You might know Scott Conant as a frequent judge on Food Network's hit show "Chopped," but that larger-than-life personality you see grilling contestants translated into a sincere passion for cooking behind the scenes and in the kitchen.
In 2004, Conant was named as one of Food & Wine's Best New Chefs in America. He's also a James Beard Award winner-- no small feat in the culinary world. But he's working at this for a very long time. He started young with a Culinary Arts vocational school at the age of 15.
"The moment I walked into a professional kitchen for the first time," Conant tells Kitchen Superstars, "the moment that I walked in and experienced that camaraderie, I was hooked."
That passion for food led him to the Culinary Institute of America which he followed with several training positions throughout Europe before coming back to New York.
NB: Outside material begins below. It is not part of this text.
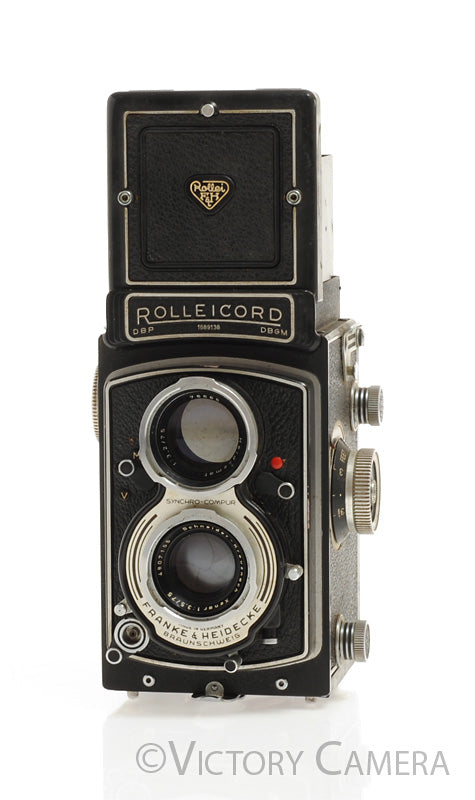 Rollei Rolleicord V TLR Medium Format Camera w/ 75mm f3.5 Xenar Lens [GOOD]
He trained in a variety of different cuisines, but was always most drawn to his Italian mother's roots that led him to a focus on Italian cooking.
He opened his restaurant, L'Impero in 2002. He followed it with Alto, Scarpetta and his latest, Impero Caffè in May of this year.
Though he's tried, tested and served hundreds of dishes at his many eateries, Conant has become known as the master of one of the most beloved Italian dishes around: pasta pomodoro, a spaghetti with a tomato sauce. It may seem surprisingly simple with just a few ingredients, but take it from us, Conant's version is unlike any spaghetti you've ever had.
With such a basic dish every element has to be perfect, says the chef, so we got him to share a few secrets for making this classic at home.
His first tip is to start with salted water that tastes almost like broth, because you want to be able to use the water to add to the sauce as you go and be able to adjust the consistency.
The second step is to use a sauce with all fresh (but very ripe) tomatoes. Think you need all day to simmer? No way, says Conant. His version takes only for 45 minutes on a medium high heat because the tomatoes are at their peak. He also adds in an olive oil that is infused with crushed red pepper flakes, basil and garlic to round out the flavor.
The other secret is to end with butter-- but only add it right at the end once you take the pan off the heat. The butter pulls everything together, elevates the simple sauce to decadent levels and won't continue to cook the pasta when added at the right time.
With tips from the master you can't possibly go wrong making the best version of everyone's favorite Italian classic.